Transit Briefs: Austin’s Project Connect, Metra, Metrolinx, Tri-Rail, Sound Transit, STM, WMATA

Written by Marybeth Luczak, Executive Editor
WMATA is readying for service its newest station: Potomac Yard in Alexandria, Va. (WMATA Photograph)

WMATA is readying for service its newest station: Potomac Yard in Alexandria, Va. (WMATA Photograph)

The Austin (Tex.) Transit Partnership awards light rail planning and design contracts for Project Connect. Also, Metra’s Chicagoland commuter rail stations will offer train-tracking and schedule updates on new video monitors; Metrolinx provides an official “first look” at GO Trains on the Davenport Diamond Guideway in Toronto; South Florida Regional Transportation Authority (SFRTA) reveals a new Tri-Rail train wrap; Seattle’s Sound Transit receives a loan to finance its South Sounder Access Improvement Project; residents of the agglomeration of Montréal aged 65 and over will soon ride free on Société de transport de Montréal (STM) transit services; and Washington Metropolitan Area Transit Authority (WMATA) announces the launch date of its 98th rapid transit station.

The Austin Transit Partnership (ATP) has awarded contracts to HDR Engineering Inc., AECOM Technical Services Inc. and HNTB Corporation for planning and design work on Project Connect, according to KXAN, part of the Nexstar Media Group.

The Project Connect System Plan includes a new light rail system and an expanded bus system with more routes; it was approved by Austin voters in November 2020.

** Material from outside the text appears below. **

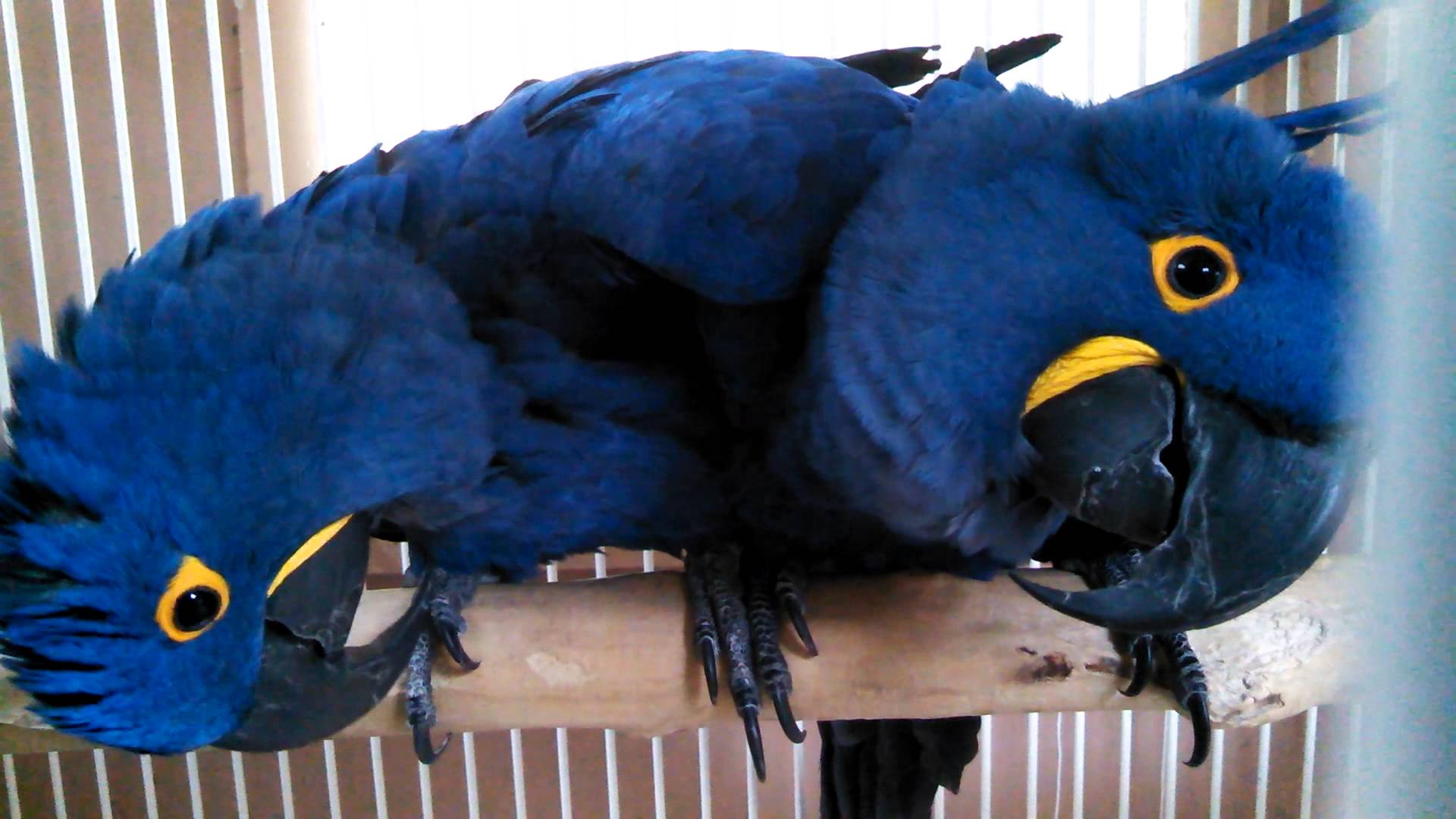Bonded pair of Hyacinth macaw (502) 785-6273.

KXAN reported on April 19 that HDR, under a $26 million contract, will “assist with program development and adhering to standards outlined in the National Environmental Policy Act (NEPA) requirements.” The firm will focus on ways “to maximize the Federal Transit Administration’s New Starts Capital Investment Grant Program, to help secure federal funding for the light rail system,” the media outlet said. ATP and HDR have set a goal that at least 10% of transportation-related construction project work will be handled by women-owned and minority-owned businesses.

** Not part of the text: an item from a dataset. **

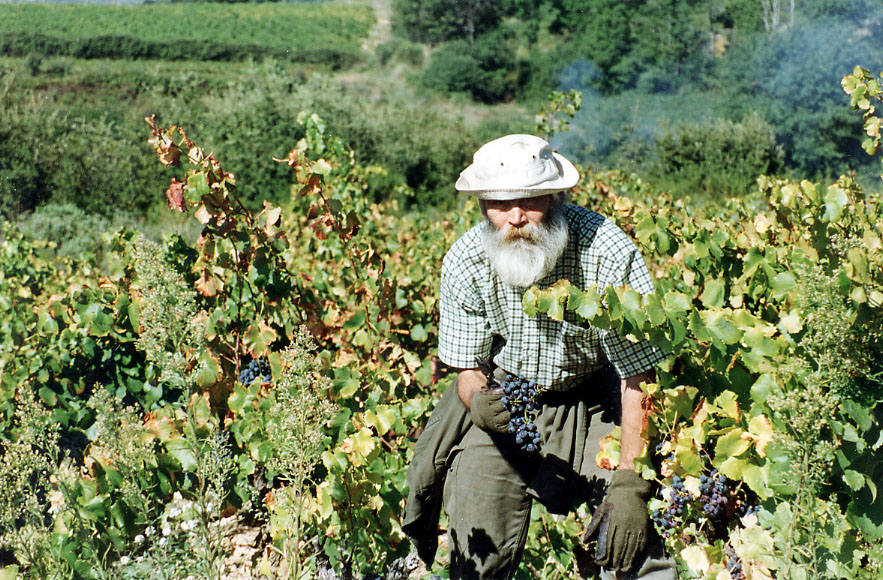 488-vendanges-puyloubier.jpg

AECOM will provide community engagement and design work planning services under a $3.7 million contract, and HNTB will provide conceptual design engineering under a $2.3 million contract, KXAN reported.

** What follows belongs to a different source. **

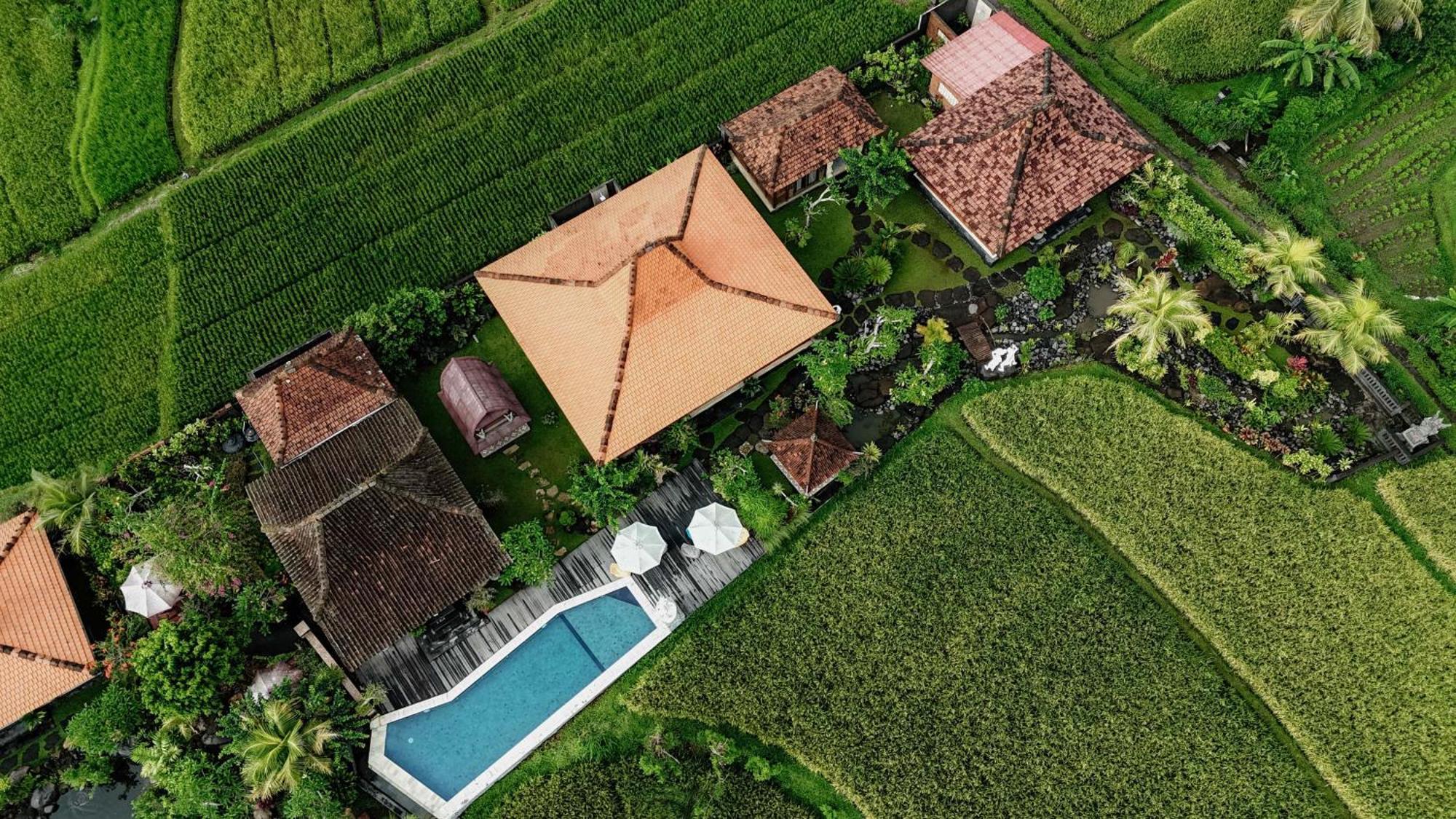Billys Ayodya Villa Perean Extérieur photo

ATP is slated to announce in June the final design for the initial investment in light rail, according to the media outlet. In March it released five scaled-down route options.

(Metra Photograph, via Twitter)

Metra on April 19 reported that its Board had approved an up to $20 million contract with Global Display Solutions Inc. of Rockford, Ill., to supply weather-proof LCD monitors of various sizes for installation at all 242 stations over the next three years. The monitors will provide riders with up-to-the-minute travel information and will replace outdated scrolling LED signs. The busiest stations will receive up to 10 monitors and the least busy stations will receive one to three, according to Metra.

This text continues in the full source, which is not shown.